Amongst her bronze repertoire, her favorite piece is “The Sentinel” which sits at guard in the 275-acre, historic Forest Hills Cemetery in the Roslindale neighborhood of Boston. This work is just as stunning as the woman that it depicts. She is a black woman, clad in bronze and sitting cross-legged on a block of Roxbury puddingstone.
“I like her because she reminds me so much of myself,” Fern added.
Raised in Alaska and Upstate New York, it was her mother’s influence that brought her to sculpting in the first place. Her mom was an art teacher and saw to it that her children were always involved in some kind of art-making too.
After graduating from Boston University, Fern made Boston her permanent home. She worked for the Elma Lewis School of Fine Arts as an art teacher until its doors closed in the late 80s. She has since been teaching art at The Park School in Brookline, which is home to “Time Enough” a monument that depicts her daughter reading a book.
Teaching at the Lewis School helped to shape the content of her work. Citing a list of influences like Paul Goodnight, Momadou Ceesay, Dana Chandler and the other artists that worked for the “movement” of the late 1960s, she described her work as “decidedly figurative” and stressed that it is really important for her to provide images of black people.
It took a leap of faith for Fern to get the commissioned work that she desired though.
“I would apply to a lot of commissions and find myself a finalist.
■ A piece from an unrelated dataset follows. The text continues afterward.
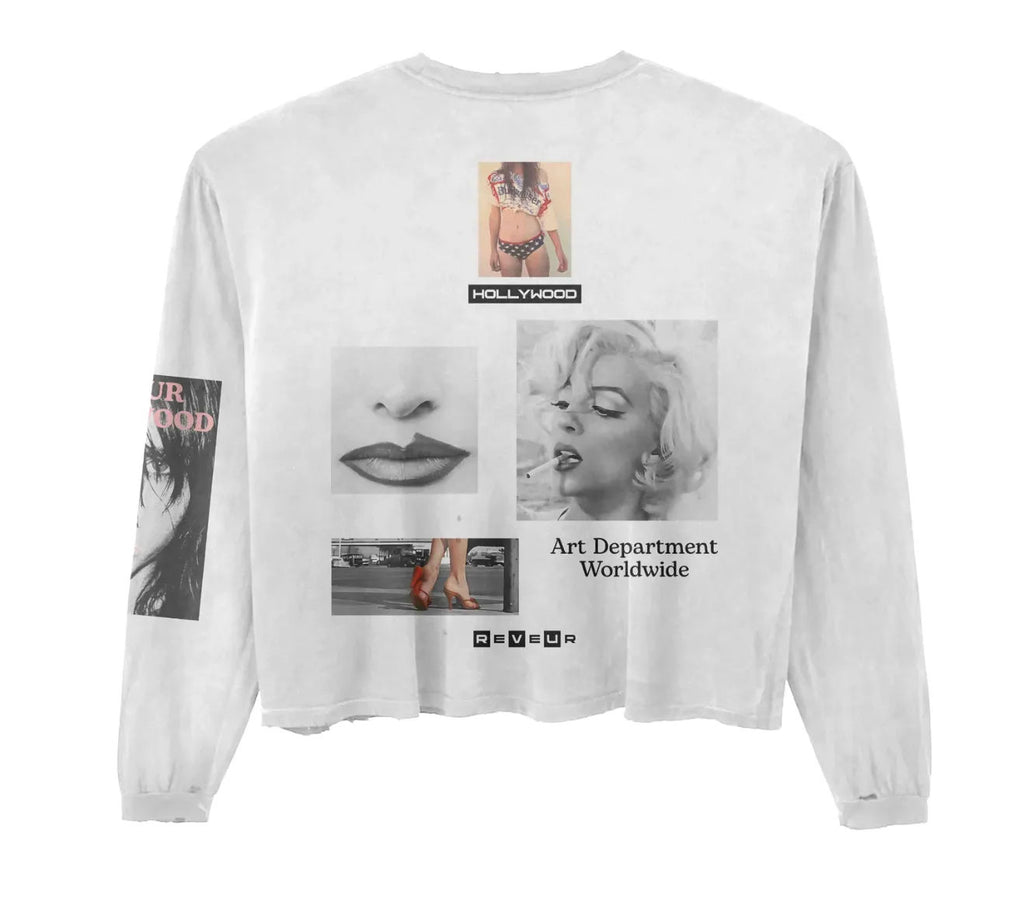 REVEUR HOLLYWOOD "DANCE IN SILENCE" L/S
I would get my thousand dollars and be told to go home,” she joked.
“After a while, I thought, am I just a convenient finalist? Because then people could say, ‘Well, we had a black finalist and we had a female finalist,’ when, really, female and black people are not expected to be sculptors.”
At that point she stopped competing and relied on individuals who would ask her to sculpt a statue of their children, full figures of their loved ones, heads, and portrait heads.
Nearly ten years later, The Browne Fund, which supports art projects that improve public space in the city of Boston, contacted her with a request to sculpt a monument for the Joseph E. Lee School in Dorchester. That project became “Earth Challengers”, a playful depiction of three school-aged children holding up an orb of the globe.
She has since been commissioned by the city to do a number of projects, including the “Rise” memorial, which she created with her cousin, Karen Eutemey. In 2005, the city installed the 20 foot granite and bronze monument at what some call the “Gateway to Mattapan” if one were heading north from the suburb of Milton on Route 138 or Blue Hill Avenue. She also sculpted “Family Circle”, a statue that portrays a father, mother, and child embraced together in a ball. This masterpiece is located in the cozy, tree-lined cul-de-sac at Elm Hill Avenue in Roxbury.
Her most recent commission, "The Value of a Life", is in the design stage. Dedicated to the youth who have lost their lives to violence, the memorial is expected to be unveiled in 2010 at Roxbury's Jeep Jones Park.
Fern is the recipient of many awards for her work, including the Beta Beta Boule Award that she received in 2000; an Appreciation Award from the Roxbury Action Program in 2003 for her efforts to bring her vision of African American history to her artistic creations. In 2004, she received a Drylongso Award which honors African Americans for their fight against racism; and in 2005, the Boston Renaissance Charter School presented her with its Renaissance Living Legend Award.